December Surge of Internet Deals Carries Venture Capital to Two-Year High

1/13/11Follow @bvbigelow

A wave of Internet deals helped venture funding during the fourth quarter of 2010 reach a two-year high-water mark in both the number of deals and capital invested, according to CB Insights, a New York information and data services company tracking the innovation economy.

Venture capital firms poured a total of more than $6.5 billion into 735 deals during the last three months of 2010, according to CB Insights’ Q4 2010 Venture Capital Activity Report. That represents an 18 percent increase in capital invested and a 6.9 percent rise in number of deals, compared with the $5.5 billion and 687 deals counted during the fourth quarter of 2009.

Annual venture funding in 2010 amounted to $23.7 billion invested in 2,792 deals, a 14 percent gain in funding and 13 percent increase in deals over 2009, when CB Insights found a total of $20.8 billion invested in 2,461 deals for the year.

Capital invested during the fourth quarter was boosted, though, by four mega Internet deals that closed in December. The four deals together accounted for $965 million of the $1 billion gain over the $5.5 billion that was invested during same quarter in 2009.
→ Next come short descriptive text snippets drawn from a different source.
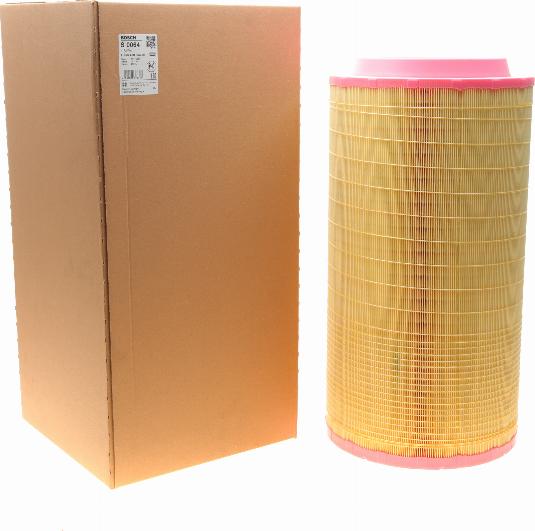 BOSCH F 026 400 064 - Vzduchový filter parts5.com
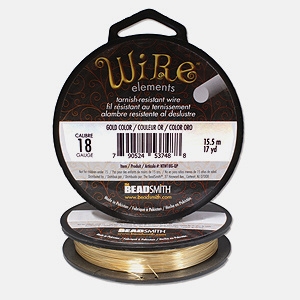 Wire Non tarnish 1mm
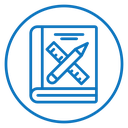 Brand guidelines icon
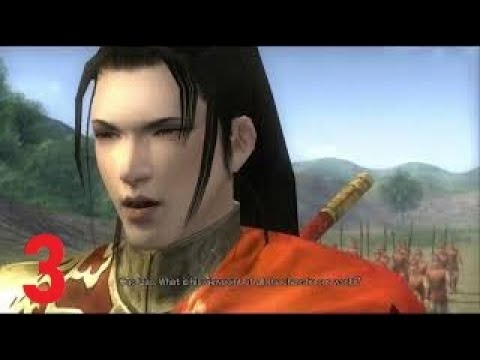 Dynasty Warriors 6 - Zhou Yu - Gameplay Walkthrough - Part 3 (No commentary)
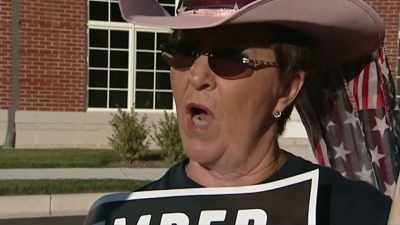 More than one in four believe - First Ladies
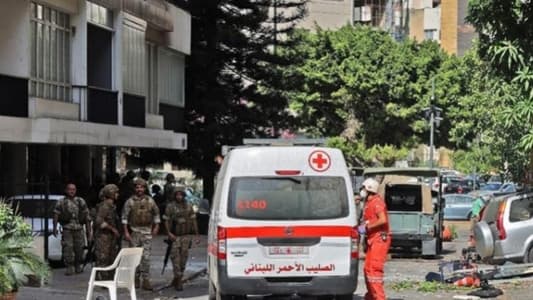 Health Ministry: Death toll from Tayouneh clashes rises to 7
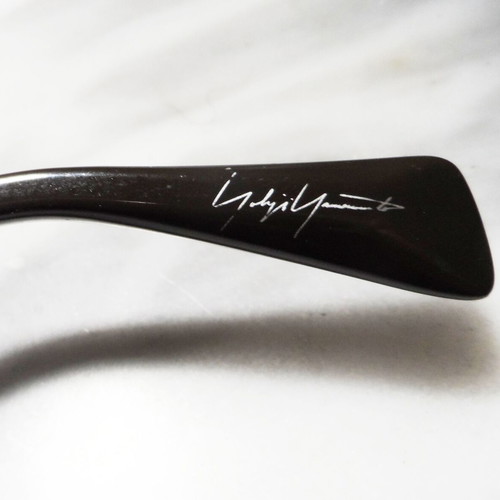 Yohji Yamamoto sunglasses used, authentic, made in France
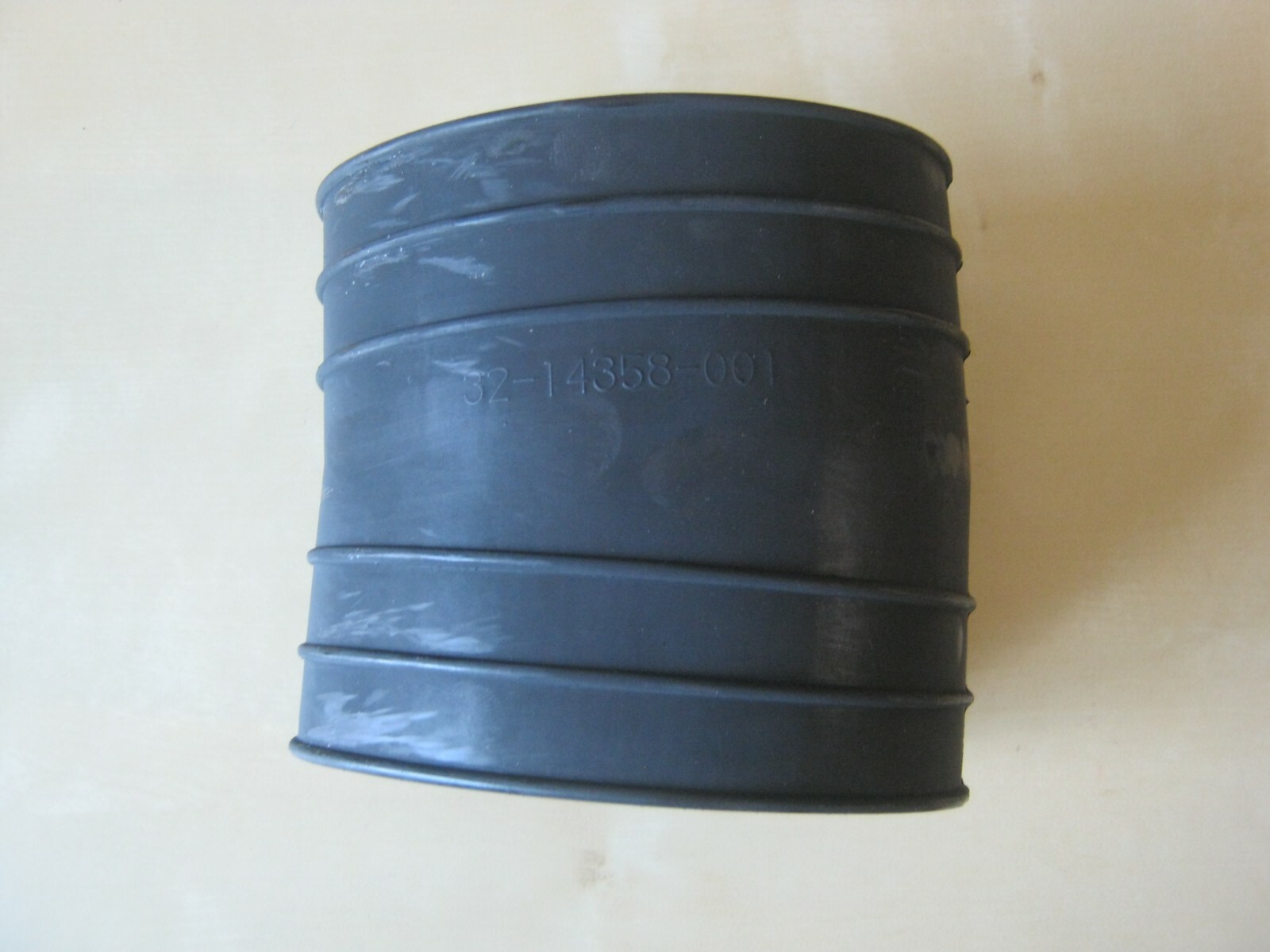 Mercruiser Mercury OEM Genuine lower exhaust bellow tube 32-14358001 32-14358T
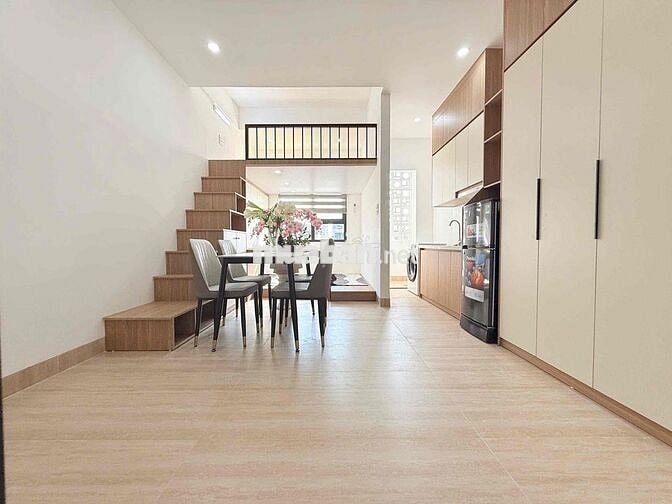DUPLEX VỪA MỚI KHAI TRƯƠNG MỚI 100% , Full nội thất cao cấp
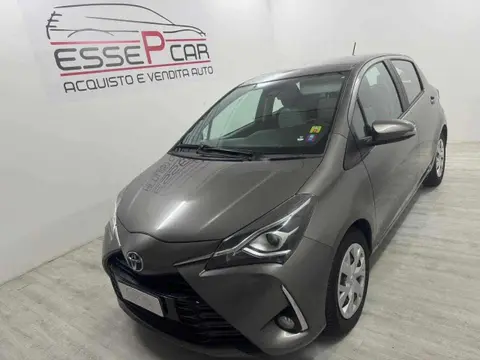 Annonce TOYOTA YARIS Hybride 2018 d'occasion 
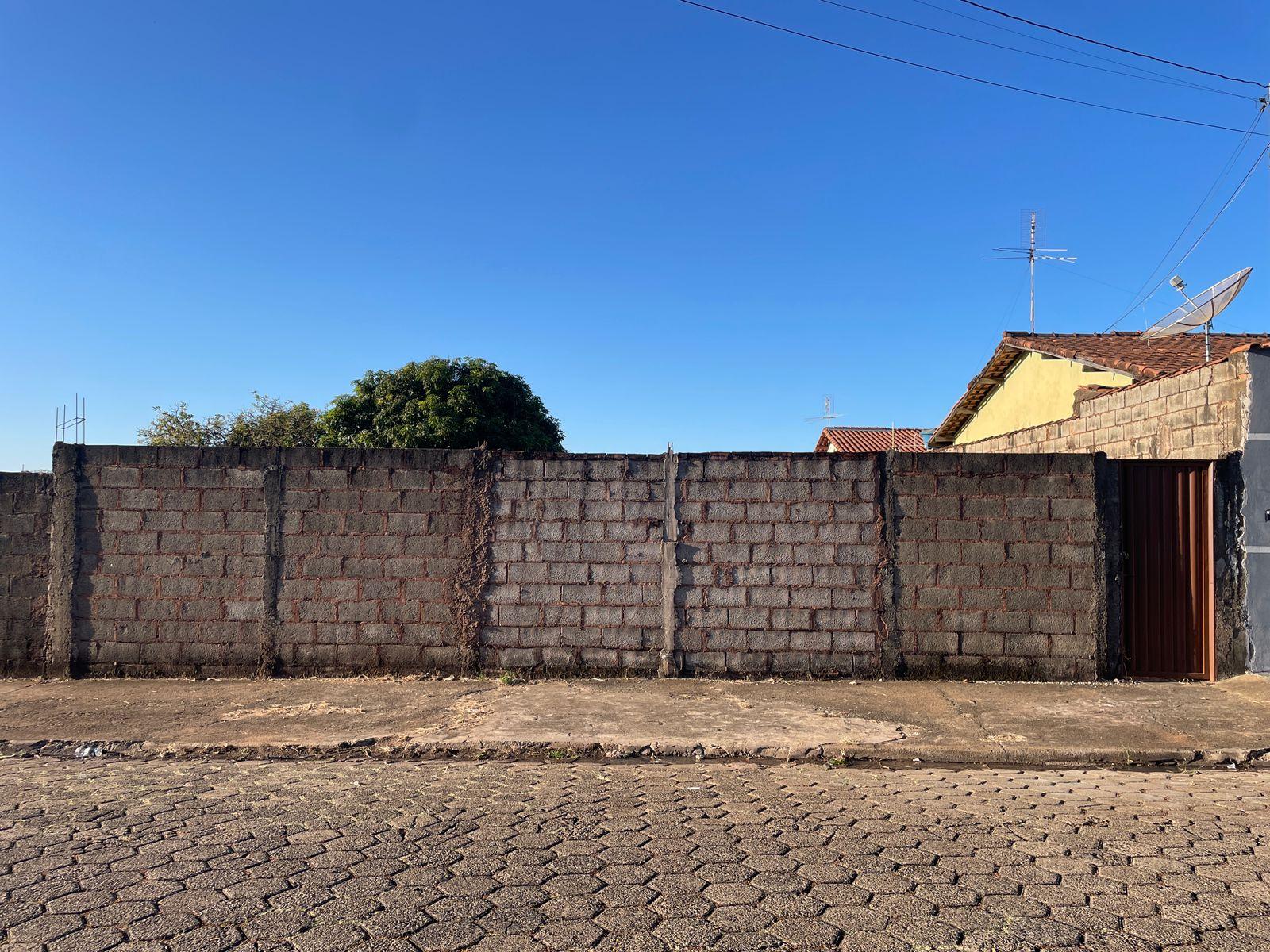 LOTE À VENDA  BAIRRO JARDIM EUROPA, SÃO SEBASTIÃO DO PARAÍSO - MG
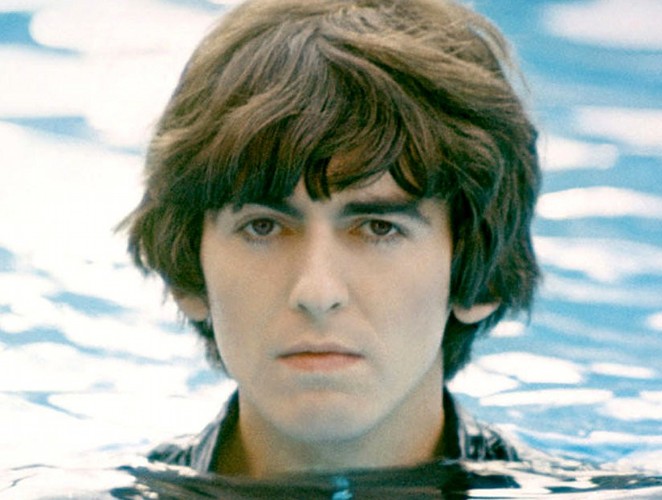 George Harrison: Living in a material world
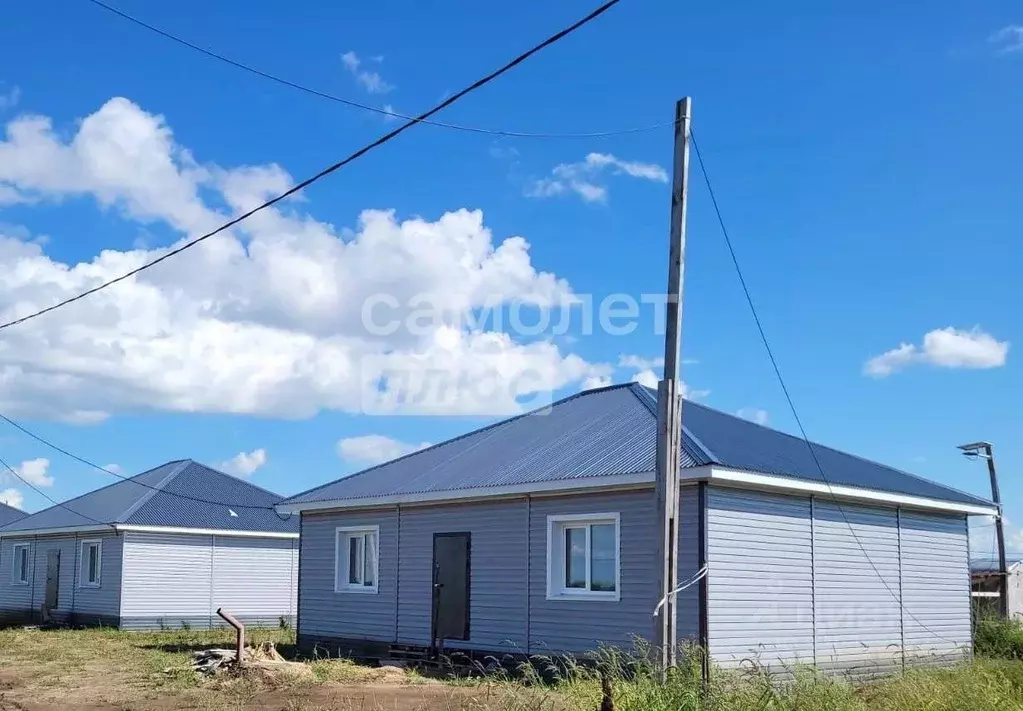 Дом в Амурская область, Благовещенский район, с. Волково Школьный пер. ... - Фото 2
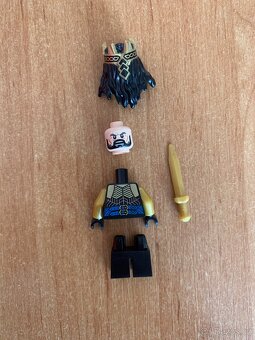 LEGO Thorin v královské zbroji - Hobit - 2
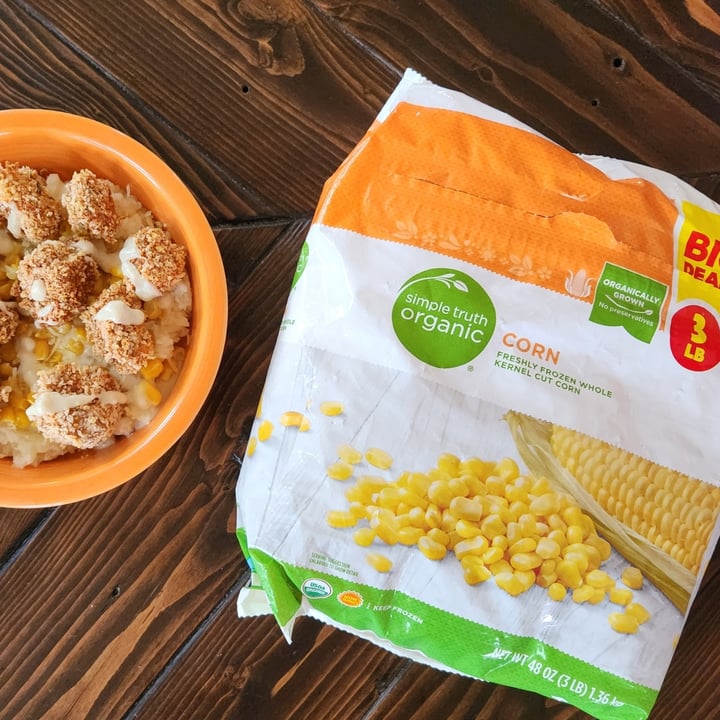 photo of Simple Truth Corn shared by @rosieb33 on  25 Mar 2024 - review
CB Insights included $500 million of the $950 million Groupon deal in the fourth quarter of 2010 (the Groupon deal was announced in December but closed in January), according to CB Insights co-founder Anand Sanwal. Other December deals that helped buoy the numbers were Kleiner Perkins’ $200 million investment in Twitter, Amazon’s $175 million funding for LivingSocial, and a $90 million venture investment in Whale Shark Media, which was largely used to acquire Australia’s RetailMeNot.

With four deals accounting for such a big share of the capital invested, it’s difficult to extract meaningful trends from the investment increase seen in the quarterly data. But as my Xconomy colleague Wade Roush says, it’s unwise to write off mega deals like Groupon and Twitter altogether. They’re still a sign that VCs are willing to invest heavily in some venture-backed companies.

“There is more optimism than we’ve observed in the recent past, especially when it comes to tech,” CB Insights co-founder Anand Sanwal said in an e-mail. “The momentum and valuations of some breakout companies like Facebook and Groupon, coupled with the hopes of a healthier M&A and even an IPO market, have investors feeling more bullish. But it’s worth remembering that the 2010 total of $23.7B, while better than 2009, is lower than the annual totals seen between 2006-2008.”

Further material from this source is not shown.